The pace at which the changes occurred during the Revolution of January, 2011 (Hosni Mubarak’s resignation on the 18th day of revolution and his arrest) I thought that if all this could happen I in only about a month then in a year Egypt would become a totally democratic country with people’s freedom to show their thoughts about the government. Also, in a year I thought there would be a new President for 5 years period, a new and strong constitutional government, and new laws. However, it is not yet fully democratic, the power is with the elite group and there is not a President elected. The economic conditions are not good now.

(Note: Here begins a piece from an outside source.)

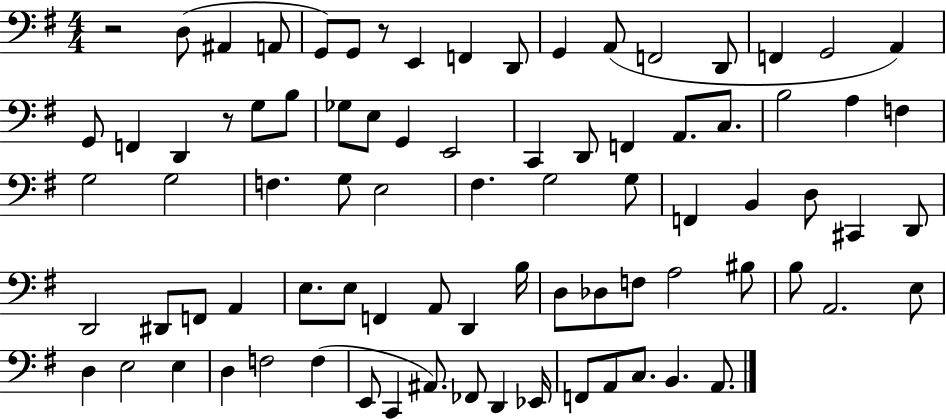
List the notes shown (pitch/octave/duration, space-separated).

Muhammad Naquib, the first president, also was forced to resign similarly as Mubarak. But, he was forced by the council while Mubarak was forced of the people of Egypt. The second president and he together started a revolution (demonstrated) to overthrow the monarchy who ruled Egypt before his presidency. So, it incident is similar to the incident a year ago that there were protests and revolution to overthrow the dictator. So, because of the Naquib and Nasser (second president) Egypt is ruled by a President and not by monarchy. Gamal Abdel Nasser nationalized the Suez Canal. By nationalizing it, he made a big development in Egypt’s economy as Egypt now profits from the revenues of the Canal. He also gave Egypt freedom from the colonialism of European countries. Anwar El Sadat, the third president, defeated Israel. So, Egypt got the area of Sinai. He also signed a peace treaty with Israel. However, now Israel is attacking Sinai to take it from Egypt. Hosni Mubarak, the fourth President, extended the power of police. The police used its power unfairly and unjustly. They would arrest or kill innocent people. He and his policies were said to be corrupt. High taxes produced more poor people. People did not have the rights to show their thoughts for the government openly. They would be arrested if they criticized the government and its people. So, there were too much restrictions and corruptions that made the people of Egypt angry and want to have a new constitution and laws. After the revolution when Mubarak stepped down and a year later the government is trying to find scapegoats like NGOs on whom they could blame for the start of revolution. So, although the president has stepped down there are no big and permanent changes yet. All these four Presidents have a common thing, that they have an army’s background. They all belonged to the army before becoming the President. Now also when there is no President, the country is under the army’s care. The former Presidents (also the army) did not want the Muslim Brotherhood to come up and influence the country as it is a religious party also it claims to be nationalist. All the citizens will be under Islamic laws. They might bring about a change by giving the people more freedom to express their views about the government. They will also try to make the economic conditions better than what they are now.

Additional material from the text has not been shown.